Statt mit Bleiwesten zu trainieren, bereite ich mich in diesem Jahr auf den Berlin-Marathon in Rumänien vor, der Effekt ist derselbe. Bekanntlich hat ein Trainingslager in Osteuropa schon Silvester Stallone in "Rocky 4" zum Sieg gegen Ivan Drago verholfen. Auf mein Team kann ich mich verlassen, alle ziehen super mit. Gestern Nacht haben meine Mitarbeiter vor meinem Parterrefenster im "Hotel Retro" bis fünf Uhr morgens die Straße aufgerissen, damit ich lerne, besser mit Streßsituationen umzugehen. Sportmedizinisch muß ich in Rumänien auf nichts verzichten. Ich habe mir in der Apotheke "Maraton" gekauft, ein Medikament für die männliche Performanz: "capsule pentru performantei sexuale masculine. Efect: erectii de mai lunga durata si mult mai ferme". Ich weiß nicht, ob es auch fürs Laufen hilft, aber schaden tut es bestimmt nicht.



2.Juli
Den Abend verbrachte ich mit Gesprächen in der Küche des Hostels. Allerdings konnte ich nicht mitreden, weil ich mich dem meisten, was besprochen wurde, nicht so gut auskannte.
"Hast du gehört, der Ire ist abgereist."
"Wirklich?"
"Weißt du schon, wann du fährst?"
"Vielleicht morgen, oder übermorgen. Spätestens in drei Tagen. Und du?"
"Wahrscheinlich übermorgen. Aber vielleicht bleibe ich auch noch einen Tag länger."
"Hast du gesehen, daß der Franzose wieder hier ist?"
"Echt? Wollte der nicht gestern abreisen?"
"Hatte ich auch gedacht, aber er ist wieder da."
"Wem gehört eigentlich der Joghurt im Kühlschrank? Ist der von dir?"
"Nein, ich glaube von den Koreanern."
"Vielleicht kaufe ich mir morgen auch Joghurt."
"Der Joghurt hier ist gut."
"Hast du hier schonmal Joghurt gegessen?"
"Ich bin allergisch gegen Milchprodukte."
"Echt?"


3.Juli
50000 alte Lei hätte ich für die Fahrt zum Stadion zahlen müssen, oder wahlweise 5 neue. 10 gab ich dem Taxifahrer, und er war überfordert, weil es die Scheine erst seit Freitag abend gibt. Ich schlug ihm vor, mir 500000 rauszugeben, was er auch tat. Das erste mal im Leben, daß ich einen Taxifahrer betrogen habe, wenn auch nicht mit Absicht. Seitdem traue ich mich nicht mehr auf die Straße, falls er mich erkennt.
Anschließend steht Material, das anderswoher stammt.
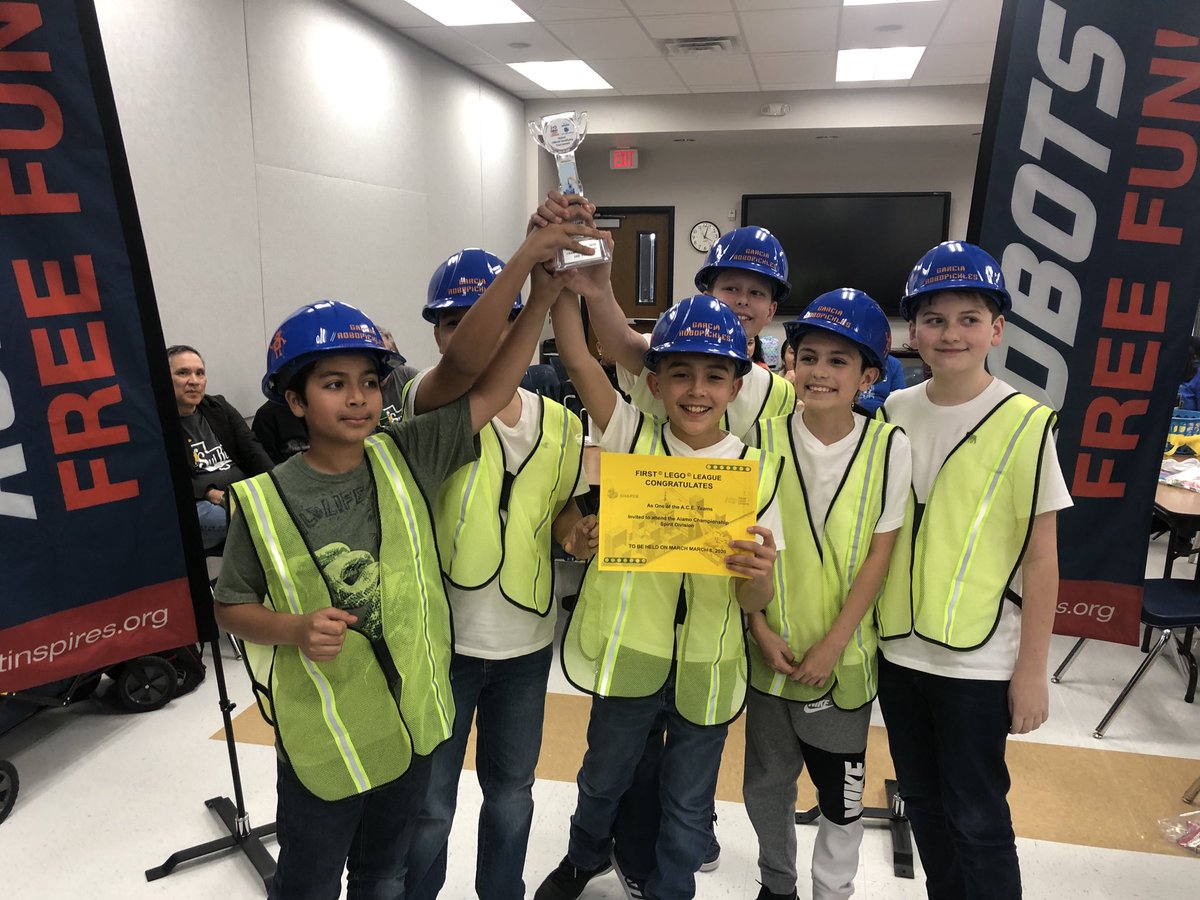 Great job Garcia Robopickles! 2nd place overall in Robotics competition!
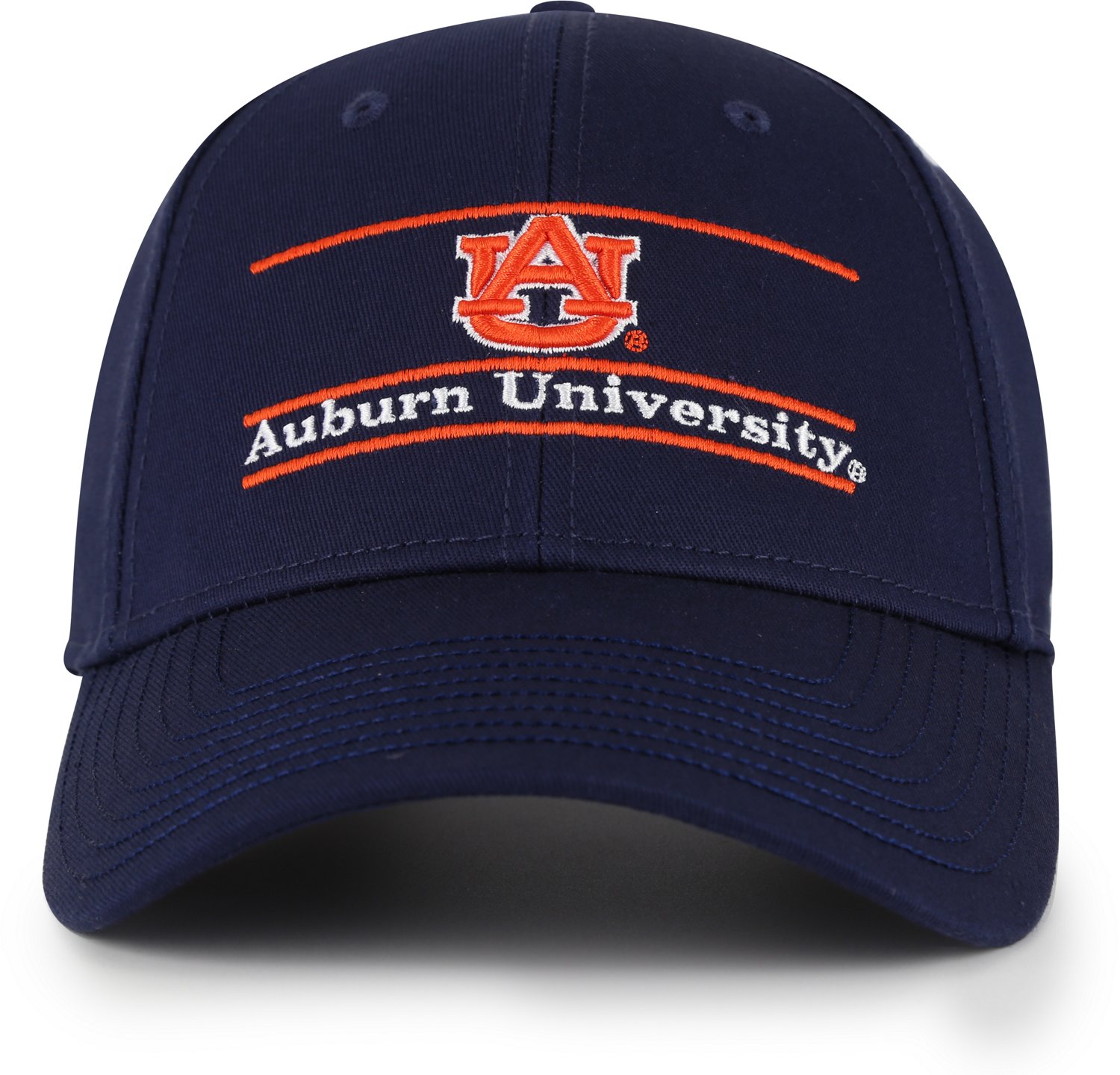 The Game Auburn Tigers Classic Bar Adjustable Snapback Hat - view number 2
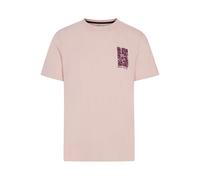 Protest Victor Short Sleeve T-shirt Pink S Men
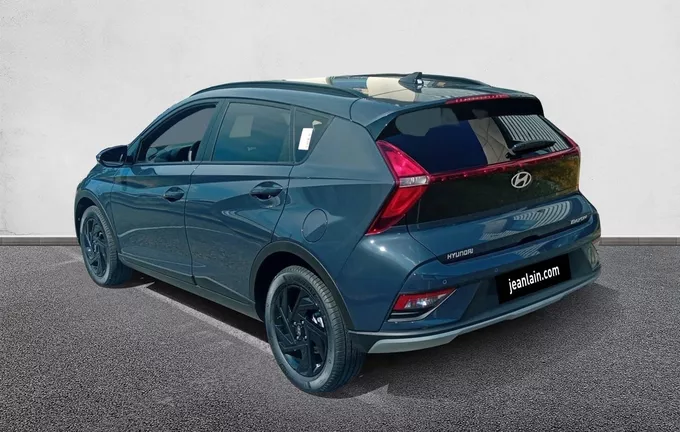 HYUNDAI BAYON 1.0 T-GDi 90 DCT-7 Ultime Edition extérieur trois quart arrière gauche 6070814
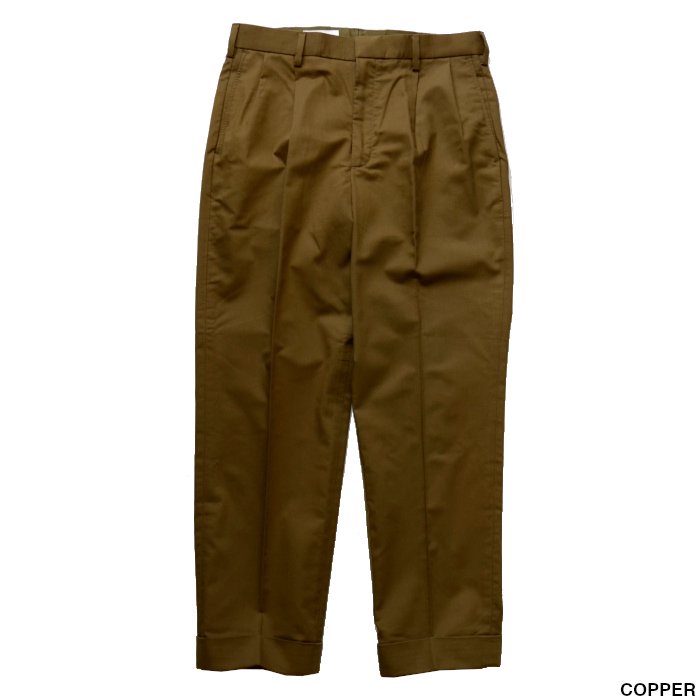 Riprap リップラップ TWO TUCK SLACKS RRP0902 - Hender Scheme,MOUNTAIN  RESEARCH,N.HOOLYWOOD,TEATORA,UNUSEDなど正規取扱店舗通販サイト | Auggie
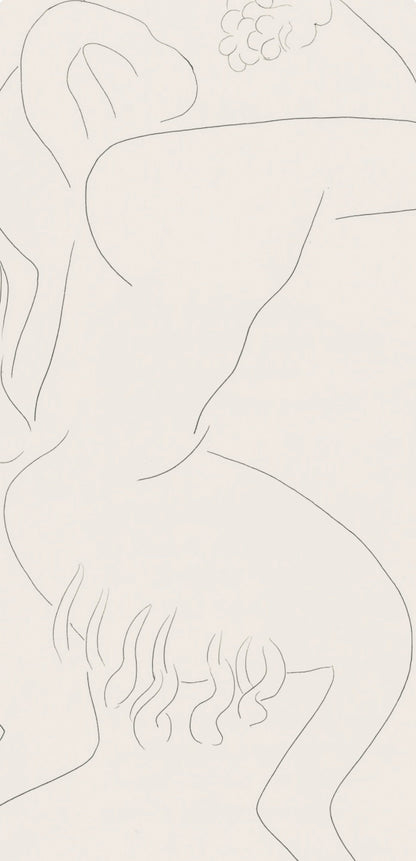 Henri Matisse, Faune (Faun), Posies, Lithograph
Das Spiel zwischen "Eisenbahn Cluj" und "Athletico Bilbao" verlief sehr einseitig, die Basken hatten auf dem glibschigen Boden keine Chance. Außerdem hielten sie sich an die Anweisung nicht neben das Tor zu schießen, weil sie den Ball sonst aus dem Fluß holen hätten müssen. Auf dem Bild sieht man den berühmten Dorinel Munteanu, der seit dieser Saison Spielertrainer von "Eisenbahn Cluj" ist, kurz vor Ausführung eines Freistoßes, der aber nichts einbrachte.


4.Juli
Feierliche Begrüßung der Teilnehmer des Sommerkurses in der großen Aula der Universität. Simultanübersetzung über Kopfhörer ins Französische und ins Englische. Der Dekan der Fakultät hielt eine Rede, die nicht erkennen ließ, warum er es bis zum Dekan gebracht hat. Hinter ihm saßen andere Funktionäre mit traurigen Augen und die Sprachlehrerinnen, die sich vor allem über ihre Frisuren zu definieren scheinen. Auf dem Foto sieht man sie allerdings nicht, wir sind schließlich in Transsylvanien.



5.Juli

Am Zentralstadion nagt der Zahn der Zeit. Die Losung muß schon etwas älter sein, jedenfalls sind die Farben des Vaterlands nicht mehr die frischesten.

"Sportivi, pregatiţi-vă temeinic pentru a reprezenta cu cinste culorile Patriei în întâlnirile internationale"
"Sportler, bereitet euch gründlich vor, um in internationalen Wettkämpfen mit Stolz die Farben des Vaterlandes zu vertreten."
Ich tue mein bestes.


6.Juli
Ein Spaziergang ins Zentrum führte mich zum "Club Romantic", der aber keinen Eingang hatte. Es sei denn, man muß durch das Kellerfenster steigen, was ja auch etwas romantisches hat.



7.Juli
In der Disko war ich wieder mal der einzige, der nicht getanzt hat. Dafür hatte die Strumpfhose des Jungen ganz links ein Loch im Schritt, das man gerade nicht sehen kann.